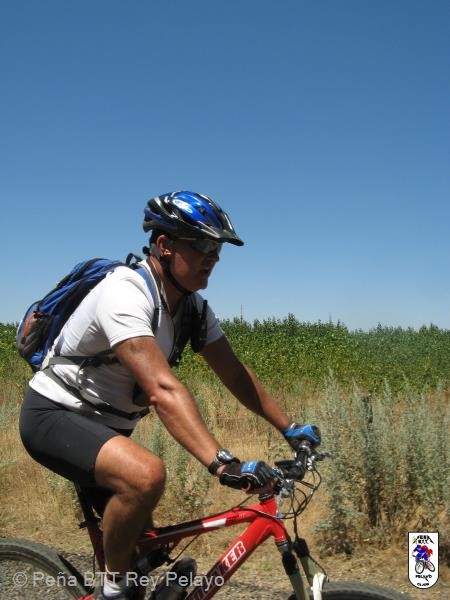 20070729135507-byJuanjo.jpg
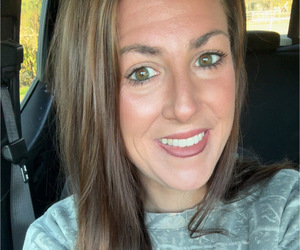 Medium Breeder Profile Photo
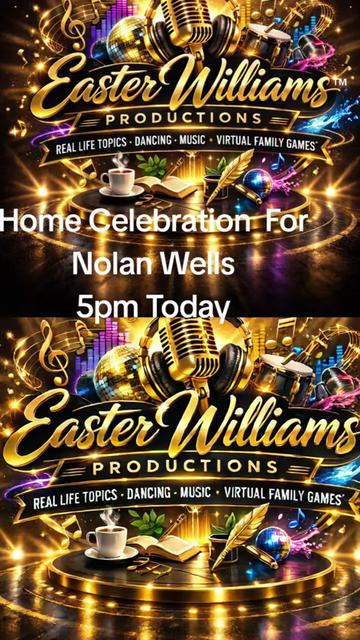 @easterw6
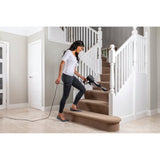 Shark HZ500UKT Anti Hair Wrap Corded Stick Pet Vacuum Cleaner - product image 12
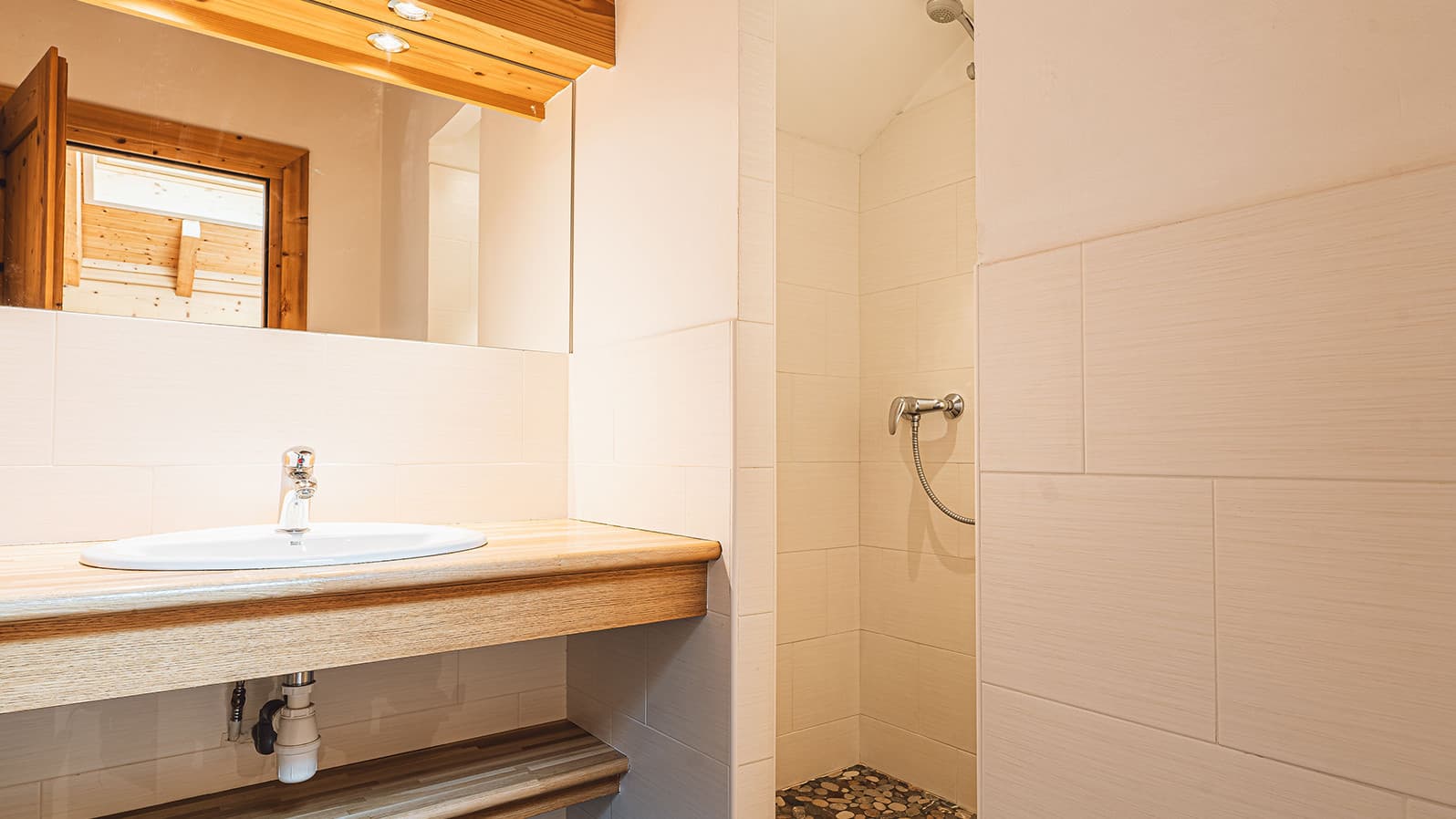 elodie-bathroom-3_20831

------------------------------------------------------------------------

Activity ▸ When you reproduce the entries above, keep every word exactly and leave out each picture.

Response below ▸
 20070729135507-byJuanjo.jpg
 Medium Breeder Profile Photo
 @easterw6
 Shark HZ500UKT Anti Hair Wrap Corded Stick Pet Vacuum Cleaner - product image 12
 elodie-bathroom-3_20831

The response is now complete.